Andrei Rublev (Andrei Rublyov) (1969)


 
Den yderste dom
It is my understanding that icons are a big thing in the Eastern Orthodox church. Icons are special pictures of religious significance and one of the great painters of these was a man called Andrei Rublev who lived in Russia in the 15th century. This is supposedly a movie about this Andrei Rublev.

Andrei Tarkovsky is a legendary Russian director of whom I have watched… absolutely none of his movies. “Andrei Rublev” is the first. But his reputation precedes him, and I expected a movie that would be different and very philosophical. In that respect I was not disappointed. “Andrei Rublev” is not a biopic. In some, probably many, ways it is not even historically correct. Instead the character of Andrei Rublev is used as the focal point for a metaphysical and moral journey where Andrei meets with betrayal, ambition, doubt, despair, penance and restoration.

This sounds very good, but as it turned out, the movie has one fatal flaw: It was very difficult for it to hold my attention and help me understand what was going on. I would watch one of the many chapters in the movie, seemingly disconnected from the others, and have not idea what this was about. Often, I would even be in doubt which of the characters I was watching. I admit I am partly to blame, I should have approached this movie with more focus, but something about it seemed to repel my focus and draw it elsewhere. Instead I turned to Wikipedia which has an excellent synopsis of the movie and through that learned what I was actually watching.

One of the things I learned was that this movie was in fact rebelling against the Soviet system, or at least at odds with the ruling dogmas of the communists. There is the distaste for the informer who are betraying the dissidents to the police and the heavy-handed oppression of the population whenever the population does not follow the party line, but most of all the freedom of thought. Andrei Rublev cannot work in a system where the system tells him what to do. Painting is not a job, it is an art and art requires free thought.

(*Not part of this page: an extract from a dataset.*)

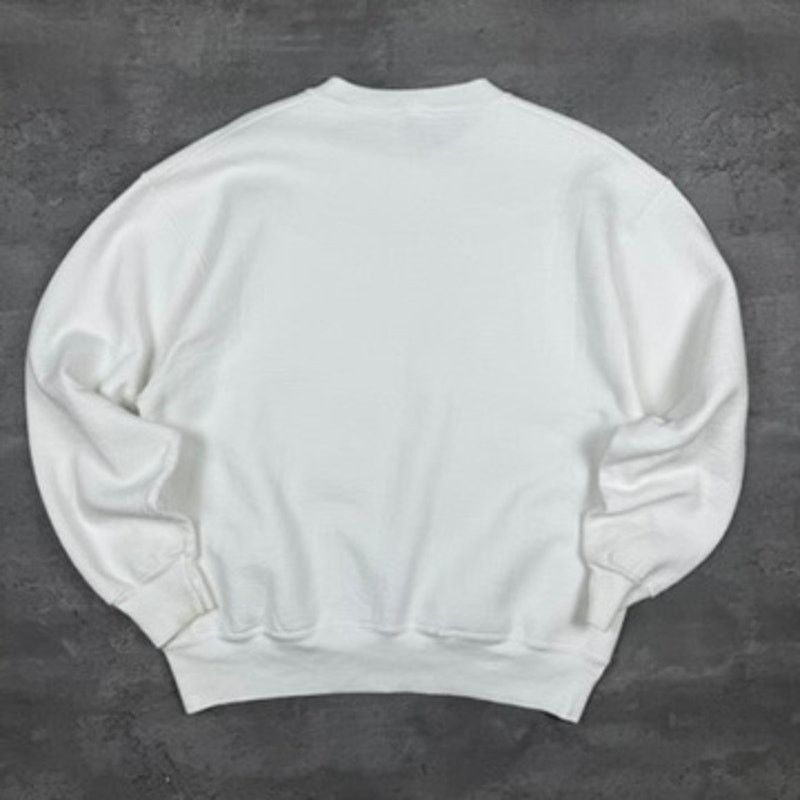 Fruit Of The Loom × Vintage Vintage Bingo Milwaukee's Jackpot Lottery Sweatshirt Size US L / EU 52-54 / 3 - 8 Thumbnail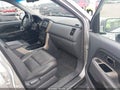 2007 Honda Pilot — photo 5 of 17 | VIN 2HKYF18797H516394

These themes go a long way to explain why “Andrei Rublev” only achieved one screening in Russia in 1966 before it was shut down until it was rediscovered in Cannes in 1969 and only later, in a presumably edited version, released for the Russian public.

Yet, the communists must have liked the last chapter about the bell. This is a story about redemption where a young man, Boriska (Nikolai Burlyayev) claims to have inherited the secret of casting bronze bells and gets hired to manage the casting of a monstrous bell for the Grand Prince since there are nobody else around with that skill. The boy tries his hardest to be strong enough to lead this work, especially when he learns that all will be beheaded if it fails to ring. This project is a giant endeavor involving hundreds of people and coordination, one of those community achievements the communists were so fond of. Only when he, beyond all odds, succeeds does he collapse in the arms of Andrei Rublev (Anatoly Solonitsyn) and admits that he did not know the secret, that he was winging it all along. Andrei, who had been convinced that he is unworthy to paint and indeed to talk, takes heart from the example of Boriska and starts painting again and it is understood that he goes on to paint his best pieces.

I like the idea of what Tarkovsky was doing more than I like the result itself. The stories in the various chapter are worth less for their apparent narrative that their moral and symbolic meaning. Everything is drenched in symbolism, but unless you know what you are looking for it is difficult to see. It is a clever movie, but also a movie for making me feel stupid. I cannot parse this without help and the apparent stories are not interesting enough that I feel like watching it repeatedly to glean understanding from it. I am certain it would be rewarding, but I doubt I could do it.

As such, “Andrei Rublev” is a scholar’s movie and a valuable one at that. I am just not scholar enough to appreciate it.